Personal information
- Date of birth: 13 November 2004 (age 21)
- Place of birth: Berendrecht, Belgium
- Height: 1.87 m (6 ft 2 in)
- Position: Midfielder

Team information
- Current team: De Graafschap
- Number: 6

Youth career
- 2009–2013: Zandvliet Sport
- 2013–2015: Lierse
- 2015–2018: KV Mechelen
- 2018–2022: Antwerp

Senior career*
- Years: Team / Apps / (Gls)
- 2022–2025: Young Reds Antwerp / 62 / (2)
- 2023–2025: Antwerp / 7 / (0)
- 2025–: De Graafschap / 18 / (1)

= Milan Smits =

Belgian footballer (born 2004)

Milan Smits (born 13 November 2004) is a Belgian professional footballer who plays as a midfielder for Dutch club De Graafschap.

==Career==
Smits was born in Berendrecht, Belgium, and began his footballing development at local club Zandvliet Sport, where he spent four years in the youth setup from 2009 to 2013. He then joined the academy of Lierse, remaining there for two seasons before moving to KV Mechelen in 2015. In 2018, Smits transferred to the youth department of Antwerp.

He made his Belgian Pro League debut on 5 March 2023, coming on as a late substitute in a 5–0 home win against former club Mechelen. It was his only appearance of the season.

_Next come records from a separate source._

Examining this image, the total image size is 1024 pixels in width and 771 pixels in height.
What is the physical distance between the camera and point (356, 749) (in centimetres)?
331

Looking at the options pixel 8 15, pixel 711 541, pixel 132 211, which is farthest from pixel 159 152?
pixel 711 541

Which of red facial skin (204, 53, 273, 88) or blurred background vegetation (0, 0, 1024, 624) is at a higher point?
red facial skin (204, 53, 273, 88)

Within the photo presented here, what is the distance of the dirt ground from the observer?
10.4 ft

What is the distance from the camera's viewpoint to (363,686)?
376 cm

Later that month, he was given his first professional contract, to last until 2025, with the option of a further year.

Smits returned to the first team on 24 January 2024, starting in a 3–2 victory away to OH Leuven in the quarter-finals of the Belgian Cup, shortly after the departure of midfielder Arthur Vermeeren to Atlético Madrid.

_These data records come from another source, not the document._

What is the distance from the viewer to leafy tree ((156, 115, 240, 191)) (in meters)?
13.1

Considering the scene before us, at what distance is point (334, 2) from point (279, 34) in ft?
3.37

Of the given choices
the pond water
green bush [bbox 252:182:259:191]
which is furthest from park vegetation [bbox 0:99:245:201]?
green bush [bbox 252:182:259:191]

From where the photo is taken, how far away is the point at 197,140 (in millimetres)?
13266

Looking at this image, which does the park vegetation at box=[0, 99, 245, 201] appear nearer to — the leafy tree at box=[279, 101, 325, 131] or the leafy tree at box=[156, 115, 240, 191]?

On 25 June 2025, Smits joined Dutch Eerste Divisie side De Graafschap, signing a two-year contract with an option for a third. At the time of the signing, technical manager Berry Powel described him as "a versatile midfielder with great stamina," highlighting his tactical awareness and ambition to grow.

==Personal life==
Smits's father, Björn Smits was also a footballer, who played for Royal Antwerp in the 1990s.